Justin Bieber era in un posto scuro, ha detto ieri il suo manager Scooter Brown in un'intervista al Magazine del Wall Street Journal, parlando degli anni scorsi in cui il cantante canadese pareva aver perso la bussola. Titoli su titoli sulla dissolutezza della popstar, che mettevano in ombra la sua musica, che pur continuava ad avere un seguito importante che, però, passava in secondo piano a causa di un atteggiamento spesso sopra le righe, culminate con l'arresto per guida in stato di ebbrezza nel 2014.

Pensavo di aver fallito

Una storia che non è stata raccontata per intero, a detta del manager: "È stato molto peggio di quello che la gente può credere. Pensavo, ogni giorno, di aver fallito, vivevamo all'inferno perché lui era in un posto oscuro". Bieber ebbe problemi in molti Paesi, dalla Germania al Brasile, passando per l'Australia e l'Argentina: ovunque andasse creava scompiglio, compresi gli Usa: "Avevo enormi problemi, così come succedeva a tante altre persone. I miei sembravano importanti, ma non lo erano, non erano questione di vita o di morte. Le cose di Justin arrivarono a un punto critico".

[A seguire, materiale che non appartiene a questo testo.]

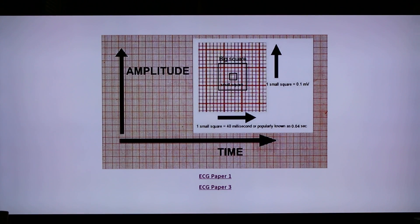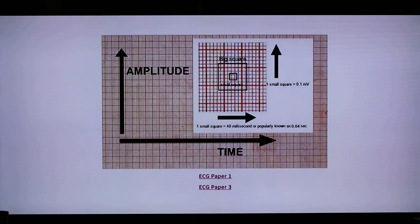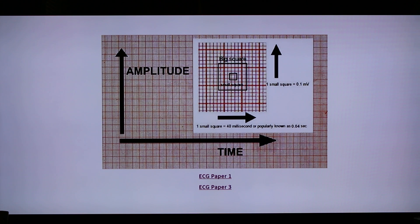For time reference, the small box is equivalent to 40 milliseconds or 0.04 seconds. Five small boxes comprise one big box, which is equivalent to 200 milliseconds or 0.2 seconds.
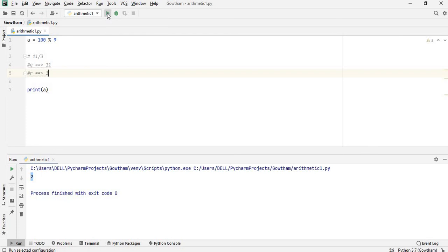Here the output is 1. Modulus function, you can see the remainder, one of the functionality.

Insieme da quando Bieber aveva 12 anni

Scooter Brown prese il cantante sotto la sua ala protettrice quando Bieber aveva solo 12 anni, portandolo dal mondo di Youtube a quello della discografia mondiale, facendone un vero e proprio fenomeno. Fu allora, ha spiegato, che promise al cantante di non abbandonarlo mai e di non arrendersi neanche davanti alle cose peggiori: "Alcune persone dell'ambiente, gente che aveva investito nella sua carriera, mi dissero ‘Lascia perdere, è finita, concentrati su qualcos'altro, il ragazzo ormai è andato. Ma io gli promisi, quando aveva 13 anni, che non mi sarei mai arreso e credo di averla mantenuta".

Il peggio è passato

Oggi le cose sembrano andare un po' meglio: "Penso che abbia visto il peggio di se stesso ed è fantastico vederlo uscire da quel periodo".